Par Alter Presse, Haïti, publié le 6 mai 2021 

Des menaces du régime de facto à l’encontre de protestataires, dont l’avocat Andalas Mertilus 

Le projet de référendum inconstitutionnel et illégal du président de facto Jovenel Moïse, dont le mandat a pris fin depuis le 7 février 2021, a essuyé son premier échec dans la commune de Jean Rabel, dans le département du Nord-Ouest, selon les informations rassemblées par l’agence en ligne AlterPresse. 

Une délégation du Conseil électoral provisoire (Cep) contesté a été contrainte de laisser la ville de Jean Rabel, dans moins de 24 heures, après une tentative visant à organiser, le mardi 4 mai 2021, une campagne de sensibilisation autour du projet de référendum, interdit par la Constitution. 

Devant un panel, constitué d’un conseiller électoral et de responsables de Bureaux électoraux départementaux (Bed) et de Jean Rabel, qui s’apprêtaient à débuter l’activité de lancement de cette campagne, l’avocat Andalas Mertilus n’a pas hésité à dénoncer non seulement les membres du Cep, qu’il considère comme illégaux, mais aussi le projet de référendum. 

Les membres du Cep demeurent illégaux, parce qu’ils n’ont pas prêté serment devant la Cour de cassation, a rappelé Me.

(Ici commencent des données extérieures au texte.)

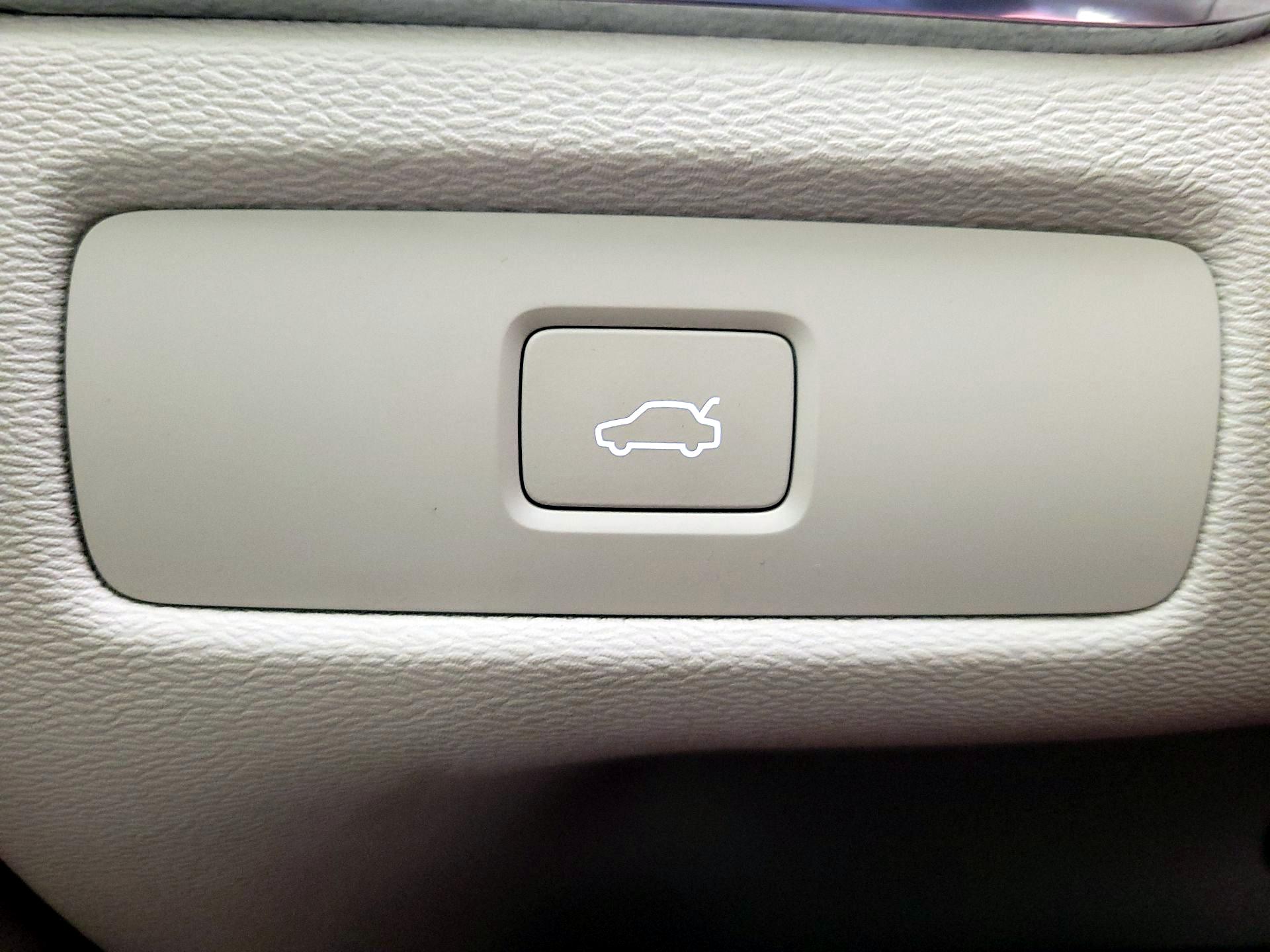 Thumbnail: 2023 Volvo XC60 - 13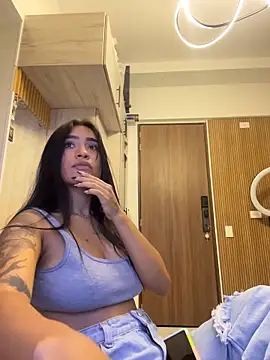 alessandroo013 online show from March 19, 2026, 9:57 am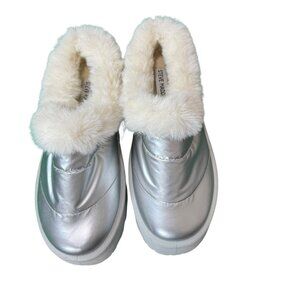 Steve Madden Silver Faux Fur Lined Mules | Size 9 | New Platform Slip-Ons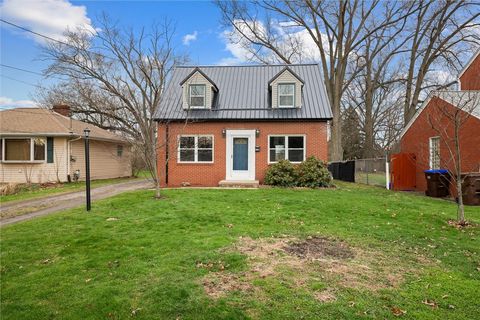 1908 Haywood St Farrell PA 16121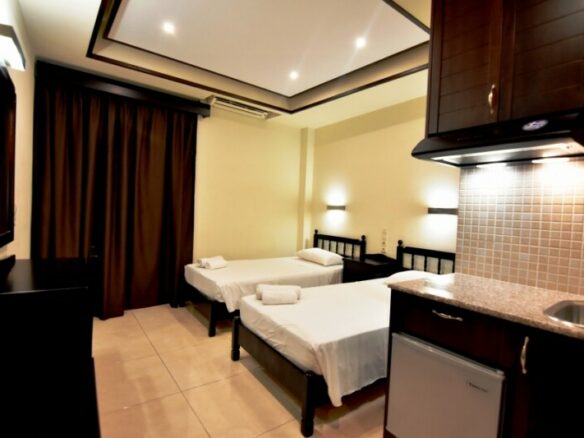 Hotel In Mallia, Greece (1.000 M²)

Andalas Mertilus. 

En signe de solidarité, les personnes présentes sur le lieu ont décidé de bouder l’initiative, après les arguments avancés par l’avocat. 

« Nous avons sommé ces gens de laisser la ville de Jean Rabel, dans 21 minutes », explique à AlterRadio/AlterPrese, l’avocat Andalas Mertilus. 

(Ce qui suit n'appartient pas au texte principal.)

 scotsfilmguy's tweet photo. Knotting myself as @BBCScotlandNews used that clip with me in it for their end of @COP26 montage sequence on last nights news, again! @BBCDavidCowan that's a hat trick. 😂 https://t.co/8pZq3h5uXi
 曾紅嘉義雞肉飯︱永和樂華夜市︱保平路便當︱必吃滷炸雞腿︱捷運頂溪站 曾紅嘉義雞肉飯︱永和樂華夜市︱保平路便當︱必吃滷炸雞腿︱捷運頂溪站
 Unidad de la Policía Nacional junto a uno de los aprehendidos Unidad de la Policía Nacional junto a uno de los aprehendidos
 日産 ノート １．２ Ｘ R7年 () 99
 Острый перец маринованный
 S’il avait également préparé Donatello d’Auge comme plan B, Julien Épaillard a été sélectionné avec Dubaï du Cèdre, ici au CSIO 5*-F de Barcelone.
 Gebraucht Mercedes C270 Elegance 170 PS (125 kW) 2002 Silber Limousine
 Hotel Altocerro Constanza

Le lancement de la campagne, pourr le projet de referendum inconstitutionnel et illegal, par la délégation, a essuyé 2 échecs successifs, notamment à Port-de-Paix et Saint-Louis du Nord, suite aux mobilisations des citoyennes et citoyens de ces zones, souligne Mertilus. 

En termes de réalisations, les attentes de la population, envers l’équipe au pouvoir, n’ont pas été satisfaites, laisse entendre l’avocat. 

« Le pouvoir commence à exercer des pressions et menaces à notre encontre, depuis mardi (4 mai 2021). Il y a eu des tentatives à Jean Rabel pour nous assassiner. Heureusement, la population nous a soutenus », fait savoir Adalas Mertilus, pointant du doigt des gens en uniformes de police. 

« Deux véhicules du Cep nous ont empêché d’entrer à Port-de-Paix. Nous avons pu, quand même, passer, grâce à une tentative de notre chauffeur, mais nous n’avons pas pu emmener chaque personne faisant partie de note délégation chez elle », déplore-t-il. 

Andalas Mertilus, également membre du Mouvement pour la libération d’Haïti (Mola), dénonce l’arrestation du chauffeur, toujours maintenu en garde à vue, tout en condamnant la dictature mise en place par le président de facto Jovenel Moïse. 

Il appelle la population entière à imiter que ce qui s’est passé au Nord-Ouest, pour que cela puisse provoquer « un effet domino », signalant combien, dans l’histoire haïtienne, Jean Rabel [1] représente un véritable foyer de résistance et de combat face au régime dictatorial. 

Jovenel Moïse veut, à tout prix, organiser, en juin 2021, un référendum illégal, interdit par la Constitution, et, en septembre 2021, des élections irrégulières , malgré la grogne exprimée par les forces vives de l’opposition contre ces tentatives qui viseraient, selon elles, à installer une dictature dans le pays.